|Died||28 May 2001 (aged 54)|
|Alma mater||Pontifical Catholic University of Chile; University of Chile; Harvard University|
|Institutions||École Polytechnique; CNRS; Mind and Life Institute|
|Thesis||Insect retinas; visual processing in the compound eye (1970)|
|Doctoral advisor||Torsten Wiesel|
Francisco Javier Varela García (September 7, 1946 – May 28, 2001) was a Chilean biologist, philosopher, cybernetician, and neuroscientist who, together with his mentor Humberto Maturana, is best known for introducing the concept of autopoiesis to biology, and for co-founding the Mind and Life Institute to promote dialog between science and Buddhism.
Varela was born in 1946 in Santiago in Chile, the son of Corina María Elena García Tapia and Raúl Andrés Varela Rodríguez. After completing secondary school at the Liceo Alemán del Verbo Divino in Santiago (1951–1963), like his mentor Humberto Maturana, Varela temporarily studied medicine at the Pontifical Catholic University of Chile and graduated with a degree in biology from the University of Chile. He later obtained a Ph.D. in biology at Harvard University. His thesis, defended in 1970 and supervised by Torsten Wiesel, was titled Insect Retinas: Information processing in the compound eye.
After the 1973 military coup led by Augusto Pinochet, Varela and his family spent 7 years in exile in the United States before he returned to Chile to become a professor of biology at the Universidad de Chile.
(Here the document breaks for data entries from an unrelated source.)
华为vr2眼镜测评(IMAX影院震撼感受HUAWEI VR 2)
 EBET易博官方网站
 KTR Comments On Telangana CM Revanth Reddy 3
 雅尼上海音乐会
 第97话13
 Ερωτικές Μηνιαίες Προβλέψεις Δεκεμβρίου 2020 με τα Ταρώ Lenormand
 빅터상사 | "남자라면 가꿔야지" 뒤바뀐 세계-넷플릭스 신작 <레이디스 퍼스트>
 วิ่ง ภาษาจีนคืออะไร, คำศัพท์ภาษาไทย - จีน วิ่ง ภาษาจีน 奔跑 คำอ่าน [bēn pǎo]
Varela became familiar, by practice, with Tibetan Buddhism in the 1970s, initially studying, together with Keun-Tshen Goba (né Ezequiel Hernandez Urdaneta), with the meditation master Chögyam Trungpa Rinpoche, founder of Vajradhatu and Shambhala Training, and later with Tulku Urgyen Rinpoche, a Tibetan meditation master of higher tantras.
In 1986, he settled in France, where he first taught cognitive science and epistemology at the École Polytechnique, and later neuroscience at the University of Paris. From 1988 until his death, he led a research group, as Director of Research at the CNRS (Centre National de Recherche Scientifique).
In 1987, Varela, along with R. Adam Engle, founded the Mind and Life Institute, initially to sponsor a series of dialogues between scientists and the Dalai Lama about the relationship between modern science and Buddhism. The Institute continues today as a major nexus for such dialog as well as promoting and supporting multidisciplinary scientific investigation in mind sciences, contemplative scholarship and practice and related areas in the interface of science with meditation and other contemplative practices, especially Buddhist practices.
Varela died in 2001 in Paris of Hepatitis C after having written an account of his 1998 liver transplant. Varela had four children, including the actress, environmental spokesperson, and model Leonor Varela.
Varela was trained as a biologist, mathematician and philosopher through the influence of different teachers, Humberto Maturana and Torsten Wiesel.
He wrote and edited a number of books and numerous journal articles in biology, neurology, cognitive science, mathematics, and philosophy. He founded, with others, the Integral Institute, a thinktank dedicated to the cross-fertilization of ideas and disciplines.
Varela supported embodied philosophy, viewing human cognition and consciousness in terms of the enactive structures in which they arise. These comprise the body (as a biological system and as personally experienced) and the physical world which it enacts.
Varela's work popularized within the field of neuroscience the concept of neurophenomenology. This concept combined the phenomenology of Edmund Husserl and of Maurice Merleau-Ponty, with "first-person science." Neurophenomenology requires observers to examine their own conscious experience using scientifically verifiable methods.
In the 1996 popular book The Web of Life: A New Scientific Understanding of Living Systems, physicist Fritjof Capra makes extensive reference to Varela and Maturana's theory of autopoiesis as part of a new, systems-based scientific approach for describing the interrelationships and interdependence of psychological, biological, physical, social, and cultural phenomena. Written for a general audience, The Web of Life helped popularize the work of Varela and Maturana, as well as that of Ilya Prigogine and Gregory Bateson.
Varela's 1991 book The Embodied Mind: Cognitive Science and Human Experience, co-authored with Evan Thompson and Eleanor Rosch, is considered a classic in the field of cognitive science, offering pioneering phenomenological connections and introducing the Buddhism-informed enactivist and embodied cognition approach. A revised edition of The Embodied Mind was published in 2017, featuring substantive introductions by the surviving authors, as well as a preface by Jon Kabat-Zinn.